Swimmers train in the new Legends Aquatic Center. Photo: Ian Walsh

Olympic oasis: New swim center brings gold standard to training

Cal swimmers swamped the competition at the 2016 Summer Olympics, bringing home a staggering 19 medals, including eight golds. In the wake of their epic win, athletes were welcomed back with a well-earned upgrade to their campus training facilities.

The $18-million Legends Aquatic Center, funded primarily by private donors, opened last September with splashy fanfare. The state-of-the-art facility has a 52-meter pool, three-story diving tower, and moveable bleachers that can accommodate 500 spectators.
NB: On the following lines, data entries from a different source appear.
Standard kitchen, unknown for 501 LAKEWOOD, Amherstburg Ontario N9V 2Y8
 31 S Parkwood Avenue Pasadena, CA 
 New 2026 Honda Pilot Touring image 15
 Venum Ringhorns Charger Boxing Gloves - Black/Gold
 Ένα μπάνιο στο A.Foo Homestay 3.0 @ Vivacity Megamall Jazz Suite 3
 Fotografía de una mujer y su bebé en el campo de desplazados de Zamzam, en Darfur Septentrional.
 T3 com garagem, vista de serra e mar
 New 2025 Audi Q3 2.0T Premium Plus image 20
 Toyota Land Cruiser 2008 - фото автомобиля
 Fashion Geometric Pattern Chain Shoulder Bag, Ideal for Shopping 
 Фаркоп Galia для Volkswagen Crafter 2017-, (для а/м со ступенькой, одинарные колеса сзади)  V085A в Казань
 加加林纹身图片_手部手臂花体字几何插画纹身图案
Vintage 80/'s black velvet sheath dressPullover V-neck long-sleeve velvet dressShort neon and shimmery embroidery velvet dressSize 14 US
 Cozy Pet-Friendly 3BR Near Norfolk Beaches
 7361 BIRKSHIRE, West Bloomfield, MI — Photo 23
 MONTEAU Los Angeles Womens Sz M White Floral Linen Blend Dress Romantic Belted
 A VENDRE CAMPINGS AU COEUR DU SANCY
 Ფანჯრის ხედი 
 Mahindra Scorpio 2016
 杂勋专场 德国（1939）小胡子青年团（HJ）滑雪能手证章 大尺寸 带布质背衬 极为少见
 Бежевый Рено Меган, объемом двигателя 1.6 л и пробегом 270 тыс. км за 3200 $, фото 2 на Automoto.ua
Athletes can now train with more space and pool time, and divers no longer have to travel to Stanford every week to practice.

“Cal has a world-class aquatics program and has done it with fewer resources than most competitive programs,” says former Cal water polo letterman Edward “Ned” Spieker ’66, who helped fund Spieker Aquatics Complex in 1982. “That’s why several of us decided to help.”

Spieker and fellow Cal swimming legends — Rick Cronk ’65, the late Don Fisher ’51, and the late Warren Hellman ’55 — launched the “More Water” campaign to build an Olympic-worthy facility. In 2012,

Spieker and surviving donors and family members established Cal Aquatic Legends, a nonprofit that functioned as a springboard to the new facility.

Until now, the competitive swimming, diving, and water polo teams had been sharing one congested pool with recreational swimmers and club sport teams. Not anymore.

“Having two pools has really opened up our practice times,” says Kathleen Baker ’19, who earned a silver and gold in Rio. “We’re enjoying being part of history, knowing that so many of our predecessors helped create this amazing facility.”